Brave-faced officials in both countries have a history of talking negative realities down and their prospects up, but the fact is the numbers are well below the U.N. Sustainable Development Goals of 7.0 percent GDP growth, required for least developed countries to achieve sustainable development.
The World Bank’s 2025 forecast for Cambodia was slashed to just 4.0 percent from a forecast of 5.5 percent in the June report. That compares with 5.4 percent growth in 2024. It projected growth in Laos at 3.5 percent from its previous target of 3.7 percent and 4.1 percent in 2024.
The Bank said that weaker GDP forecasts indicated a slowdown in poverty alleviation in Cambodia, which would have improved with higher economic growth. It added that rising remittances and tourism revenues had helped offset a substantial merchandise trade deficit.
It also warned that macrofinancial stability was at risk amid high levels of private debt registered, and of a sharp rise in non-performing loans to 7.9 percent in the banking industry and 9.0 percent in the microfinance sector in 2024.
A deterioration of property loans was cited as a cause, but the report added emerging risks from inflation stemming from the United States would impact GDP growth further, with the global economy expecting its “weakest run” since 2008.
“Economic diversification is critical for Cambodia to sustain growth and job creation amid uncertainty, especially by moving beyond its reliance on construction and garment exports and promoting higher value-added manufacturing and services,” said World Bank Country Manager for Cambodia, Tania Meyer.
“Revenue reforms can support a better business environment while generating fiscal space for critical investments in human capital and infrastructure.”
The figures predate the border dispute between Thailand and Cambodia, which has rapidly deteriorated into a political and economic stand-off, with Bangkok closing borders and Phnom Penh banning Thai goods and cutting off access to cross-border internet and electricity connections.

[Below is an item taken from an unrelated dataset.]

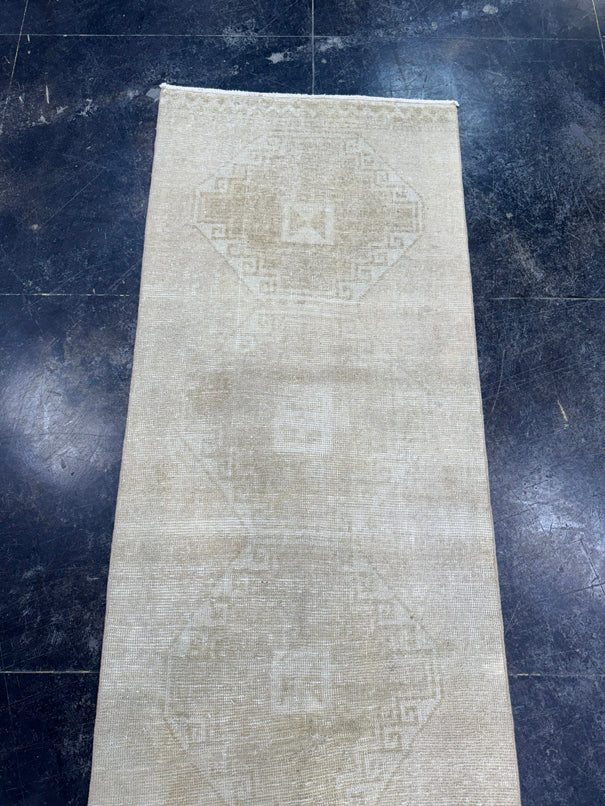 Turkish Vintage Runner Rug 2'11" x 10'3" #24631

Hundreds of thousands of Cambodian workers are currently working in Thailand and should they return, analysts said, this can only hurt remittances over the coming months, potentially longer, and further damage growth prospects.
Tourism, transport, electricity generation, mining, agriculture, and manufacturing sectors continued to be the main drivers of Laos’ economy, the World Bank said, but a weak domestic currency, an inflation rate of 11.2 percent, debt deferrals, and a tighter monetary policy were impacting growth.
“Economic conditions remain difficult in the Lao PDR, as high public debt and persistent inflation affect household incomes and development,” it said. “Economic volatility will continue to limit poverty reduction, with spending on health, education, and social protection remaining inadequate.”
Elsewhere in the region, growth rates for Indonesia, Thailand, Malaysia, the Philippines, and Vietnam were also clipped, while war-torn Myanmar saw a contraction of 2.5 percent, down from a previous growth forecast of 2.0 percent.
The World Bank said much of the data required for the Myanmar forecast had not been computed “because of a high degree of uncertainty” – an apparent reference to the four-year civil war.
Vietnam, however, is faring better with the highest projected growth rate for regional countries listed in the report. The World Bank said its economy was expected to grow by 5.8 percent in 2025, down from a previous outlook of 6.6 percent and 7.1 percent growth in 2024.
Vietnam is experiencing a recovery with Communist Party chief To Lam maintaining the “blazing furnace” crackdown on corruption. The World Bank noted that the country was continuing to benefit from its shift to a market economy, elevating it to a lower-middle-income country.